Oh wise and wonderful people of hitched, I am humbly requesting your help. (Please forgive me as this is long winded.) You’re probably aware I’m not in a great relationship place right now, and fully intend to get out of it. But it’s a complicated situation with several factors. I thought if I actually come out with the full set up – some of you lovely people may have some ideas on what (if anything) I can do about it.

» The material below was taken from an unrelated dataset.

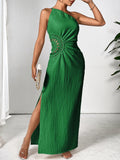 One Shoulder Sleeveless Maxi Dress Elegant & Sophisticated Evening Wear Women Luxury Party Dress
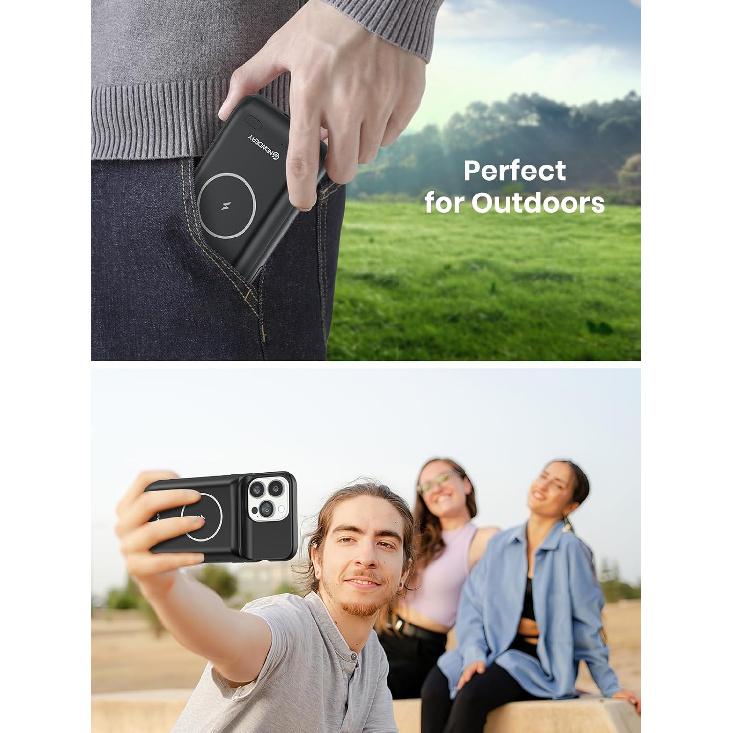 

NEWDERY Battery Case for iPhone 15 Pro/iPhone 15 10000mAh, USB C Qi Wireless Charging Case, Portable Rechargeable Extended Charger Case Battery Pack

Basically the boyfriend is currently living at my place (1 bed flat), with most of his stuff in a storage unit. He is there for several reasons. His last job was frankly hell on earth (not him – nightmare boss). He had to get out of there as it was literally damaging his health being there – insane stress levels and just an unhealthy environment. The problem was the job had accommodation with it, so he had to move out as well. He doesn’t know anyone in this city other than me (he’s only been here less than a year), so there isn’t anyone else he can stay with on a temporary basis. He needs to find work, and then save up to get a deposit for his own flat / accommodation.
He owes me money – which unfortunately I can’t afford to lose as it’s money I owe my Mum (complicated story – I was holding it for Mum to stop her spending it! – but she’s asked for it back by July). It’s not the sort of cash I can ‘just find’ (several hundred). It’s a combination of some I lent him, plus the rent he agreed to pay me.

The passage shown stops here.